I think a robust balancing method would probably sacrifice epoch 0 simply to see what the default balancers produce (i.e. 1, 1, 1), and then restart training using those results to balance the loss components. The steps would roughly be:

  1. Set balancers to 1, 1, 1 for box, obj, cls
  2. Train up to 1 epoch / 10 minutes / 1000 iterations, saving loss component means.
  3. Set balancers to inverse loss component means.
  4. Train normally.
AlexeyAB commented 4 years ago

@glenn-jocher Yes, just I think we should keep 1, 0.1, 0.1 for box, obj, cls, at least for high AP@75 and may be for AP@50 too

tuteming commented 4 years ago

from your cfg.zip, those two cfg both is yolo layers rather than gaussian-yolo layers. please confirm. thanks.

AlexeyAB commented 4 years ago

@nyj-ocean Thanks. In your cfg-file there are [yolo] layers instead of [Gaussian_yolo].

AlexeyAB commented 4 years ago

Tested: https://github.com/AlexeyAB/darknet/blob/master/cfg/csresnext50-panet-spp-original-optimal.cfg

+4.8% mAP@0.5 on MS COCO test-dev

image

nyj-ocean commented 4 years ago

@AlexeyAB

图片 图片


图片 Squeeze-and-Excitation Networks.pdf

AlexeyAB commented 4 years ago

@nyj-ocean Squeeze-and-Excitation blocks are already implemented in enet-coco.cfg (EfficientNetB0-Yolov3) 4 months ago, but it is very slow https://github.com/AlexeyAB/darknet#pre-trained-models

Open a new issue. May be I will benchmark SE-module and will check can I improve SE-speed.

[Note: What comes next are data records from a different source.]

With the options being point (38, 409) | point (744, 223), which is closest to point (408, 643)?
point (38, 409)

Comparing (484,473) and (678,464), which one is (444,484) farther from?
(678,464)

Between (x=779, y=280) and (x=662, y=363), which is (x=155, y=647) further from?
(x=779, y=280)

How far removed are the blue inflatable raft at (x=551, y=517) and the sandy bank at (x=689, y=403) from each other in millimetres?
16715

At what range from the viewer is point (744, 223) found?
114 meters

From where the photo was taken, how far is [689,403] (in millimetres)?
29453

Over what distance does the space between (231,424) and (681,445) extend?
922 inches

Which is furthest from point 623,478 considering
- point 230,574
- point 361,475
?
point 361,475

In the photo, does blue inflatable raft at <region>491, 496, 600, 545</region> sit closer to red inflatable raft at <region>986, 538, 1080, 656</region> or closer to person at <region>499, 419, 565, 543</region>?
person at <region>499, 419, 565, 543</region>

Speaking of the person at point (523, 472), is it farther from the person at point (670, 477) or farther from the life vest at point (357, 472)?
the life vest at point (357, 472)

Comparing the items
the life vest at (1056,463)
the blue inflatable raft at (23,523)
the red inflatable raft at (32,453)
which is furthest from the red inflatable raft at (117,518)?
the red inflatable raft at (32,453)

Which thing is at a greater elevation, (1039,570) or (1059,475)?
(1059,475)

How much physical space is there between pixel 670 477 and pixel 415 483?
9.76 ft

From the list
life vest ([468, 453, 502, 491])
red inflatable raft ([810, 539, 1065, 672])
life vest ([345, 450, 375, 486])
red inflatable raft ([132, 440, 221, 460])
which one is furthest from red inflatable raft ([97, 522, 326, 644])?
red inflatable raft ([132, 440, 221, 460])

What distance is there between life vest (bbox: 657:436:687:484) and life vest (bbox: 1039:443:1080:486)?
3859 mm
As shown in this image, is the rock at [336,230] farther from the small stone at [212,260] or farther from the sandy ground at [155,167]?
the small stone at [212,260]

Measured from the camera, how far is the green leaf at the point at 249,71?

nyj-ocean commented 4 years ago

@AlexeyAB

Squeeze-and-Excitation blocks are already implemented in enet-coco.cfg (EfficientNetB0-Yolov3) 4 months ago

I add Squeeze-and-Excitation blocks to yolov3.cfg. Then train with my dataset

  mAP
yolov3 86.03
yolov3+senet 85.78

The mAP of yolov3+senet is lower than yolov3 The result is strange

AlexeyAB commented 4 years ago

@nyj-ocean If you add SE-block to the darkent53 backbone, then you should retrain classifier for using new pre-trained weights file.

becauseofAI commented 4 years ago

In my case,iou_normalizer=0.07 seems better than iou_normalizer=0.5 in yolov3+Gaussian+CIoU

iou_normalizer=0.07 chart

iou_normalizer=0.5 0 5-gaussian-ciou-chart

@AlexeyAB @nyj-ocean The "good hyperparameters" is effective. But why does loss function not converge normally?